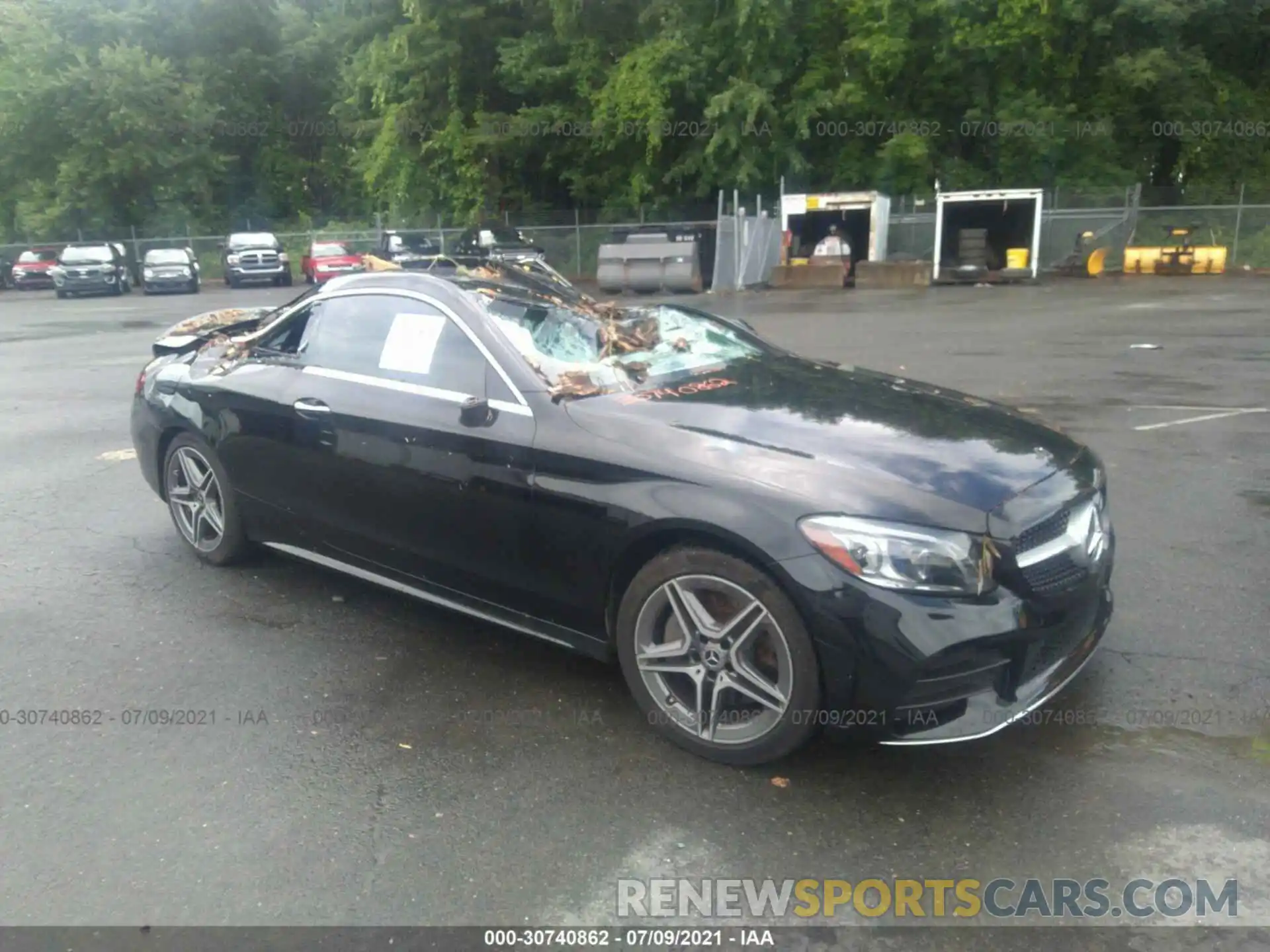 1 Photograph of a damaged car WDDWJ8EB2KF802460 MERCEDES-BENZ C-CLASS 2019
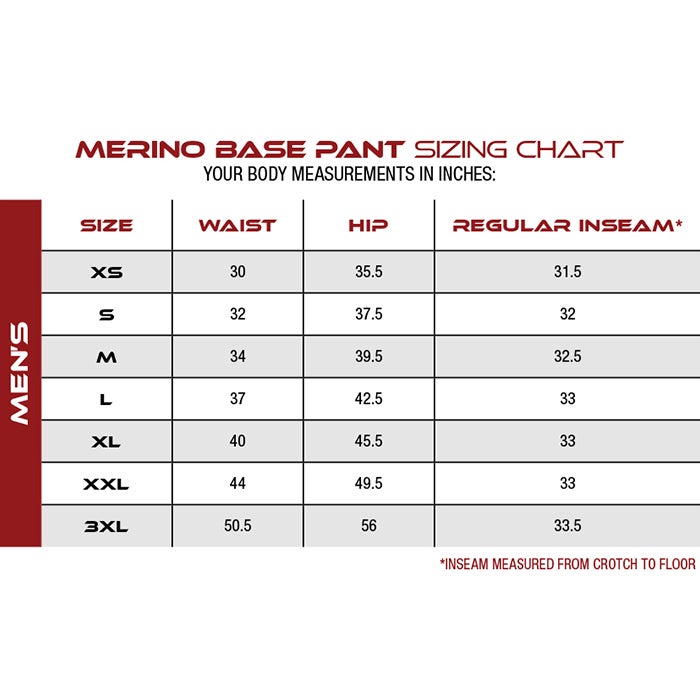Vertx Merino Wool Base Layer Pant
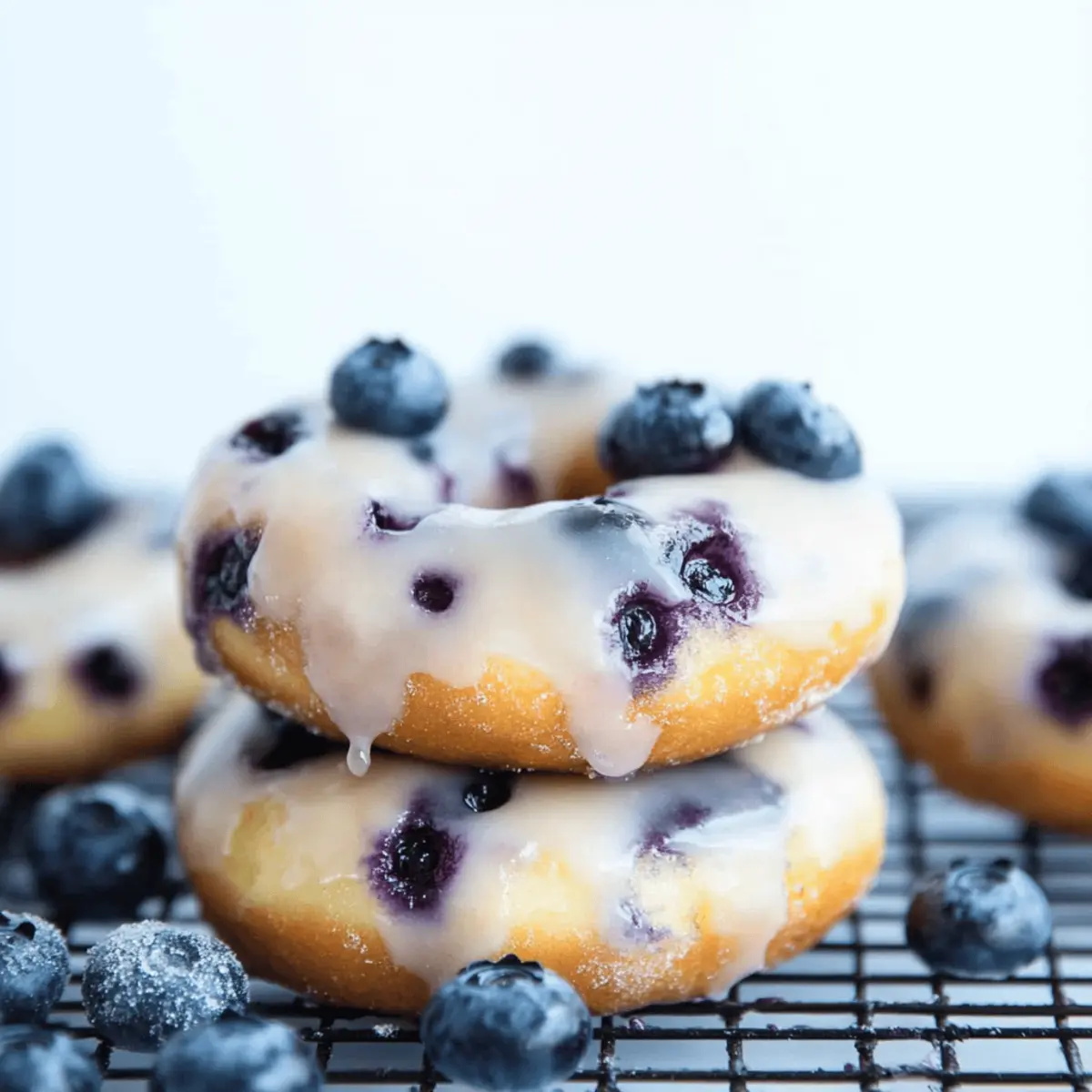 Baked Blueberry Donuts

═══

TASK DETAILS
Pictures aside, repeat every line of the data above exactly.

THE COMPLETED TASK
 1 Photograph of a damaged car WDDWJ8EB2KF802460 MERCEDES-BENZ C-CLASS 2019
Vertx Merino Wool Base Layer Pant
 Baked Blueberry Donuts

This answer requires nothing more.